On Linux you can use the file command and it will give you a good idea of the type of file:

I just ran it against a few files and here is what it looks like:

dev-1:~/Downloads$ file vext_v017.zip
vext_v017.zip: Zip archive data, at least v2.0 to extract
dev-1:~/Downloads$ file typescript.mobi
typescript.mobi: Mobipocket E-book "TypeScript Deep Dive", 2010970 bytes uncompressed, version 6, codepage 65001
dev-1:~/Downloads$ file download.png
download.png: PNG image data, 724 x 724, 8-bit/color RGBA, non-interlaced


However, I don't know of an equivalent on Windows.

The following link suggests some possible workarounds.
I tried out the Bash solution and it does indeed work. If you run the bash shell program on windows then you can use the file command and it works rather nicely.
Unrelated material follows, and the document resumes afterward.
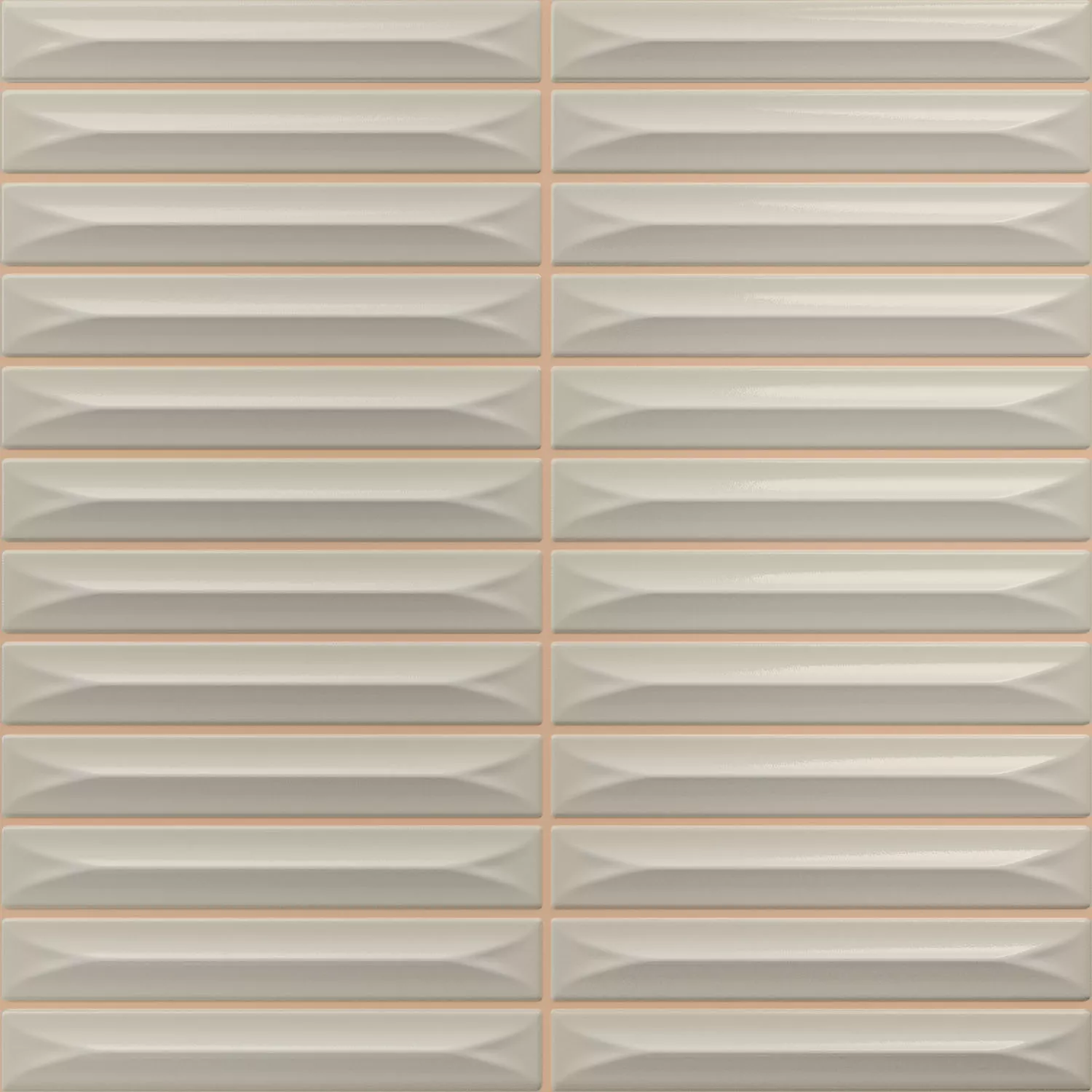 Bevel Greige Αστραφτερό Ράβδος 20x20 cm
What is the equivalent to the Linux File command for windows? - Super User[^]
   
v2
Comments
Richard MacCutchan 7-Oct-20 11:26am
   
Super tip.
You cant'. All files are just a stream of bytes. There is no difference between a "text file" and a "binary file".

The only difference is in your code. How you open the file, and with what options, is what determines how the content of the file is interpreted, be it text or data.
   
You can't. There is no "attribute" that windows stores which determines file type - just the extension which can indicate what kind of programs can open it successfully.
Some files do contain information at the start which says "this is a ..." but it's not compulsory, and in some cases is text based anyway - like an EXE file which will start with either "MZ" or "PE" - but there is nothing preventing a text file from starting with "PET LIST" and passing the "is it executable?" test!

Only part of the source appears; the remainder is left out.